Henry Rollins has apologized for the column he wrote for L.A. Weekly earlier this week criticizing Robin Williams over his suicide. In a note posted to his website on Friday evening, Rollins called the anger his article provoked "off the scale and in my opinion, well placed."
"That I hurt anyone by what I said, and I did hurt many, disgusts me. It was not at all my intent but it most certainly was the result," he wrote. "I have had a life of depression. Some days are excruciating. Knowing what I know and having been through what I have, I should have known better but I obviously did not. I get so mad when I hear that someone has died this way. Not mad at them, mad at whatever got them there and that no one magically appeared to somehow save them."
In the original column, which was published on Thursday, Rollins excoriated Williams for traumatizing his three children by taking his life. While praising the actor's talents and his work on USO tours, Rollins said that he regards people who have committed suicide "with a bit of disdain." "I know they existed, yet they have nullified their existence because they willfully removed themselves from life," he wrote. "They were real but now they are not."

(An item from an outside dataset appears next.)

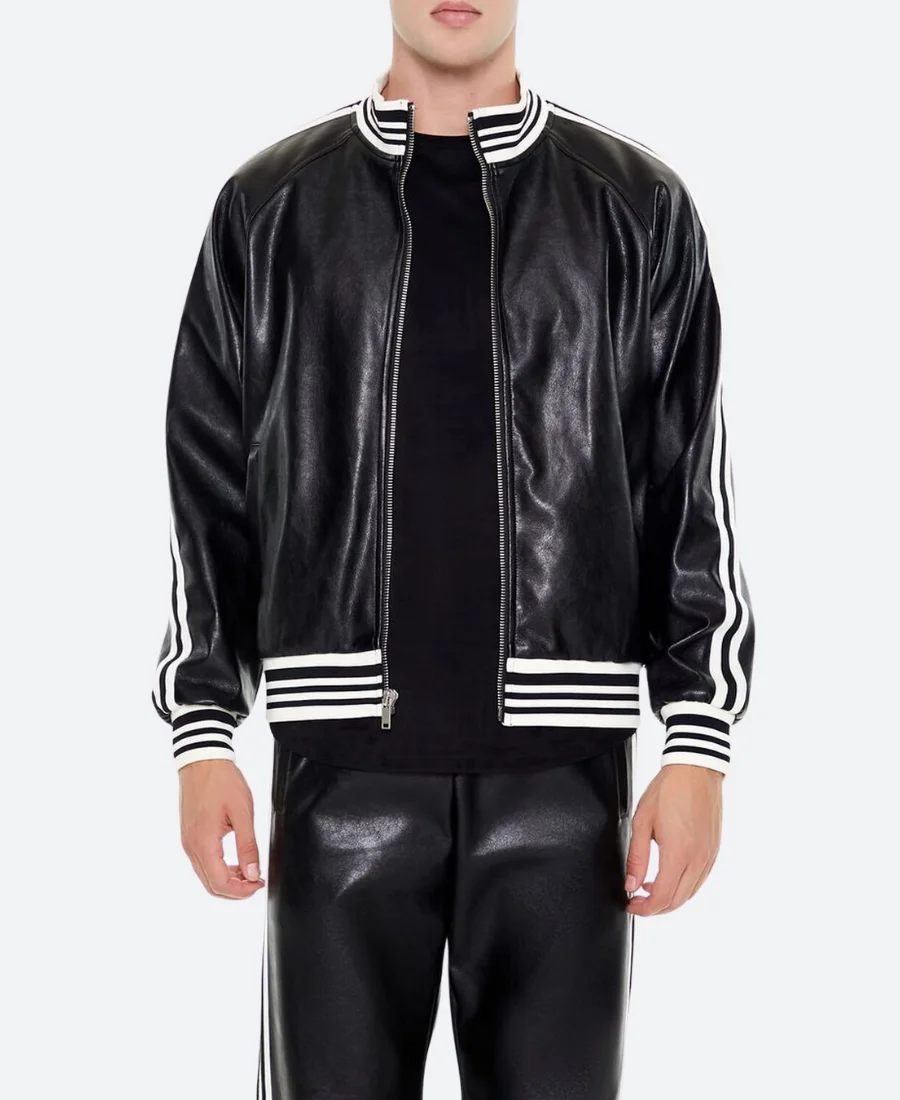 WWE Raw 2024 Seth Rollins Leather Jacket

Rollins is not the only notable music figure to apologize for recent remarks about depression. Earlier this month, Kiss' Gene Simmons drew ire from Mötley Crüe bassist Nikki Sixx, among many others, for dismissive and insensitive comments about suicide in an interview with Songfacts.com. Shortly afterward, he apologized on Facebook. "I recognize that depression is very serious and very sad when it happens to anyone, especially loved ones," he wrote.
After relating his own experiences with depression in his new note, Rollins again returned to his tone of contrition. "I am not asking for a break from the caning, take me to the woodshed as much as you see fit," he said. "If what I said has caused you to be done with me, I get it." He noted that he wrote a follow-up for L.A. Weekly that will be published on Monday, but wanted to express his thoughts immediately.
"I am deeply sorry," he wrote. "Down to my marrow. I can’t think that means anything to you, but I am."